# Fox or Faux news?



## Plainsman (Jul 30, 2003)

Remember the ultra liberals we have had on here called Fox news Faux news, even though they had the highest rating of any network. One who couldn't take capitalism recently moved to Canada so he could mooch off them.  Now Fox News has more people watching than the other networks combined. Still the ultra liberals will get their news from places like the Huffington Report. I guess if your missing a Y chromosome they may be appealing. 
Anyway, since they can no longer argue the popularity of Fox News they have found a new way to attack. They say Fox News is popular because they hired bimbos with no brains, but eye candy. Below is a description of their qualifications.

So when we had a guy who called himself Militant Tiger we still use his name. That's why one must be careful how you choose your screen name. People will always use it. Who was that other liberal who said I couldn't use his name? Oh, I think he used initials because they were all capitols and spaced. What was it again R Y A N? :rollin: :rollin: :rollin:



> Yes, and most of them are good looking. Most of them at one time or another worked for one of the other 'Lamestream' media networks, but bailed as soon as possible when their contracts expired.
> 
> The Dumb Girls of Fox News
> 
> ...


----------



## blhunter3 (May 5, 2007)

I thought liberals didn't like to objectify women? Yet they do it, when it suits their needs....


----------



## blhunter3 (May 5, 2007)

http://dailycaller.com/2013/12/08/liber ... out-women/


----------



## Plainsman (Jul 30, 2003)

blhunter3 I'm going to get into trouble here not being politically correct. I couldn't finish reading that article because I hit a spot that tripped my funny trigger. When it said that they found men focusing more on chest and waist instead of face all I could think of was "lucky for some of those liberal bow wows". Have you seen the face on some of those liberal activist women? Their mothers must have tied a pork chop around their neck to get the dog to play with them :rollin: I don't want to see any part of them.

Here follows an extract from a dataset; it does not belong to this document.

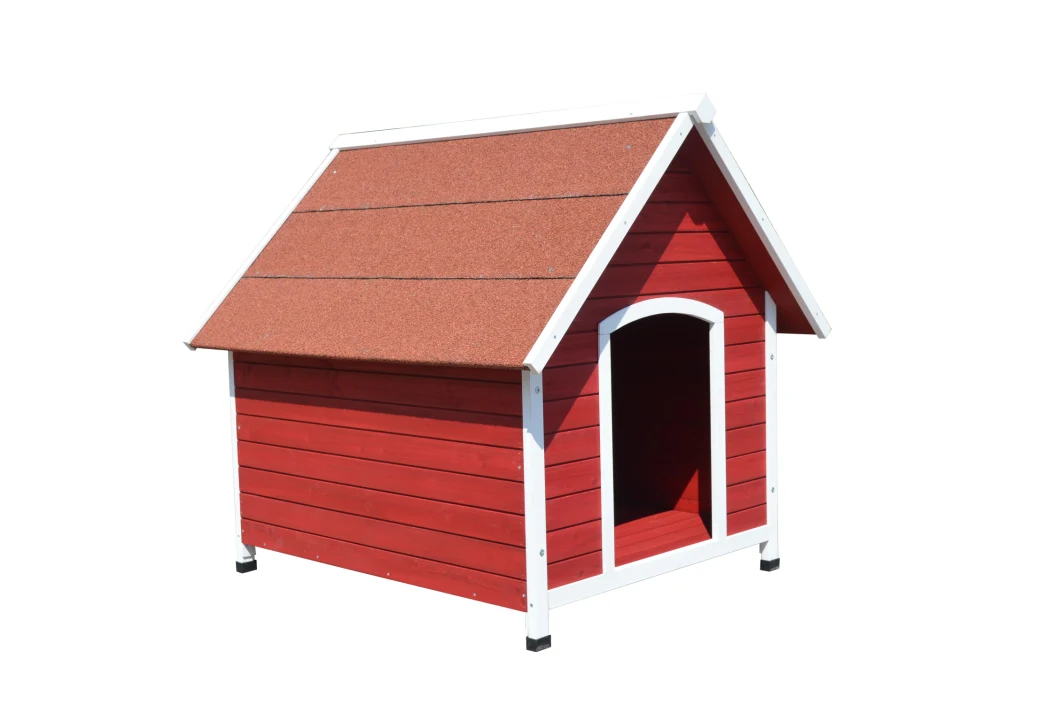 Red Color Large Wooden Dog Kennel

Come to think of it burkas aren't that bad.


----------



## blhunter3 (May 5, 2007)

That or they swan dove off the ugly tree and face planted into ever branch on the way down. :rollin:

If your boobs are hanging out of course guys are doing to notice. If a get were to wear them yoga pants girls would stare at their crotch. :laugh:


----------



## Plainsman (Jul 30, 2003)

I got an email today with a perspective worthy consideration.

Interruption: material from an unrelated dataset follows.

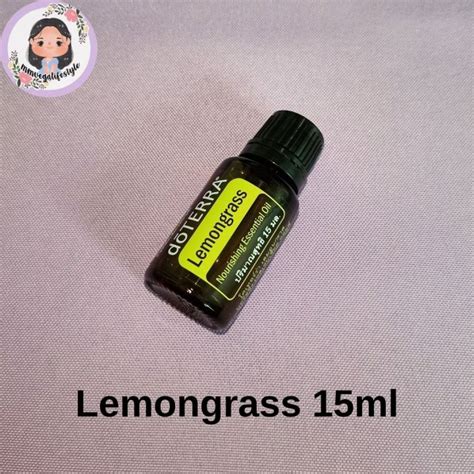 Doterra Essential Oil Lemongrass Th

> "The media is no longer informative, it is conformative. It is not interested in broadcasting events unless it can also script them. It does not want to know what you think, it wants to tell you what to think. The [true] consensus is the voice of the people and the Mediacrats are cutting its throat, dumping its body in a back alley and turning democracy into their own puppet show."
> 
> snip---
> 
> ...


----------